What the task requires:
Copy, word for word, the lines of the entries below between the one with "blossom and stars" and the one with "John Varvatos Corso", inclusive, and leave out everything else.

Provided records:
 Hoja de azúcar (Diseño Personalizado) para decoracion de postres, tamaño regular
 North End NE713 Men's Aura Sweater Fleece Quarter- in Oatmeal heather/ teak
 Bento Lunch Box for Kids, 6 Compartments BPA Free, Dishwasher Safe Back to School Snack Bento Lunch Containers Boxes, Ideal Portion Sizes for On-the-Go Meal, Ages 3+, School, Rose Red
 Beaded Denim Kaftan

---

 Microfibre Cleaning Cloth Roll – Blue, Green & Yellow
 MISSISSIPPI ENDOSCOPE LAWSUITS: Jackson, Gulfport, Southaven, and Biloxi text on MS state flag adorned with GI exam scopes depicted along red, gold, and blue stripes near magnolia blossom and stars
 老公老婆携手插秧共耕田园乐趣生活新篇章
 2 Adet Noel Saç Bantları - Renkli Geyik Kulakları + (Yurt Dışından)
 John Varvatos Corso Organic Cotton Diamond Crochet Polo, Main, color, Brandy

Expected answer:
 MISSISSIPPI ENDOSCOPE LAWSUITS: Jackson, Gulfport, Southaven, and Biloxi text on MS state flag adorned with GI exam scopes depicted along red, gold, and blue stripes near magnolia blossom and stars
 老公老婆携手插秧共耕田园乐趣生活新篇章
 2 Adet Noel Saç Bantları - Renkli Geyik Kulakları + (Yurt Dışından)
 John Varvatos Corso Organic Cotton Diamond Crochet Polo, Main, color, Brandy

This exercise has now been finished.